Nota, a company specialising in AI model slimming and optimisation, said on Thursday it succeeded in optimising a vision-language-action (VLA) model needed to implement physical AI on Qualcomm’s latest edge AI device. It cut robot action generation time by about 85.8 percent and increased inference speed by up to seven times.
A VLA model is a high-computation model that recognises real-world environments through sensors such as cameras, understands human commands and generates robot actions. It typically runs in environments based on graphics processing unit (GPU) servers, and cases of real-time execution on embedded devices alone are limited.

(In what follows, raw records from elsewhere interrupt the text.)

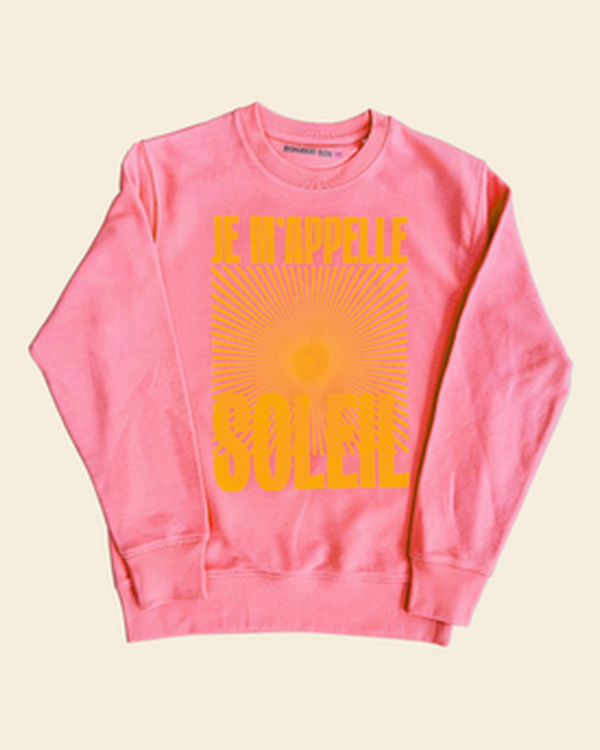 Je m'appelle soleil Sweatshirt – koralle / neonpink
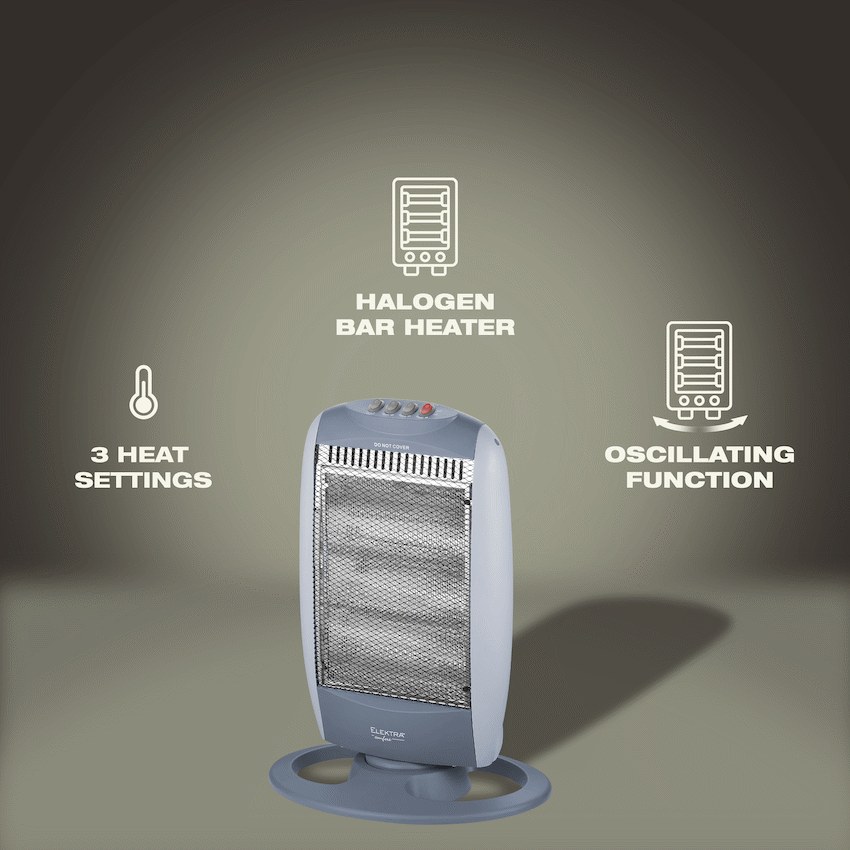 Elektra 3 Bar Halogen Heater - Image 7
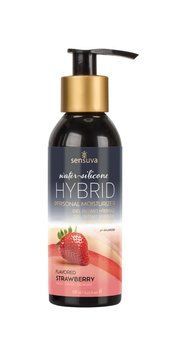 Змазка водно-силіконова Sensuva Hybrid Strawberry (125 мл) без цукру, можна для оральних пестощів SO3245 фото - купити в секс-шопі Чорний Кролик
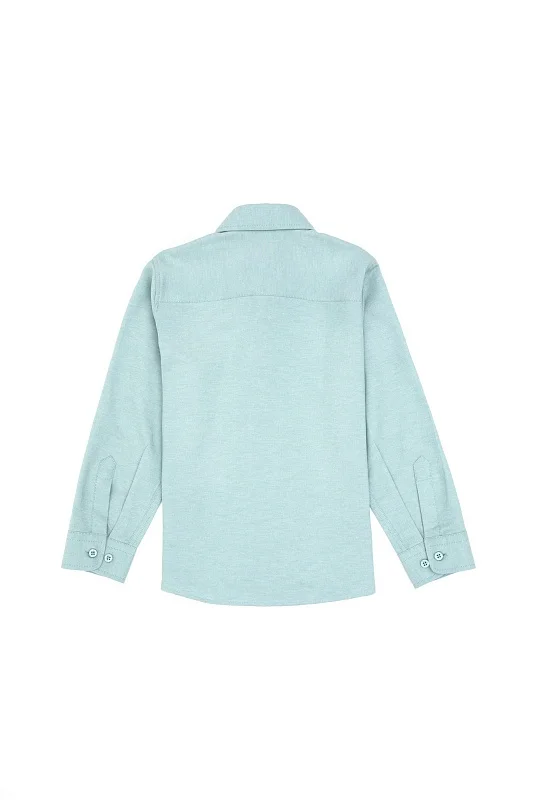Рубашка хлопковая для мальчиков - G083SZ0040E_METOKIDS25K Сорочка муж. детс. (VR152, 4_5)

Nota ran the VLA model "SmolVLA 0.45B" on Qualcomm’s edge AI device "Dragonwing IQ-9075" and applied optimisation.
The optimisation maintained the recognition and understanding stages and focused on the final stage that generates robot actions. After applying real-time inference optimisation to reduce repetitive computation and neural processing unit (NPU)-based graph optimisation, processing time for the action generation stage (Action Head) fell to 31 milliseconds from 218 milliseconds. Total inference time was also reduced to 310 milliseconds from 505 milliseconds. Work success rates stayed at a similar level, at 85 percent versus 86 percent, Nota said.
Nota unveiled the achievement at Embedded Vision Summit 2026, held in Santa Clara, California. It ran a real-time, hands-on demonstration in which an optimised VLA model recognised an item selected by a visitor, then used a robot arm to pick it up and put it in a basket.
Nota CEO Myeong-su Chae (채명수) said, "AI needs to be able to quickly and stably process the process of seeing and understanding real environments and connecting that to actions on an edge AI device." He said, "This VLA optimisation achievement is an example showing that Nota’s technology can expand as a core foundational technology for the era of physical AI."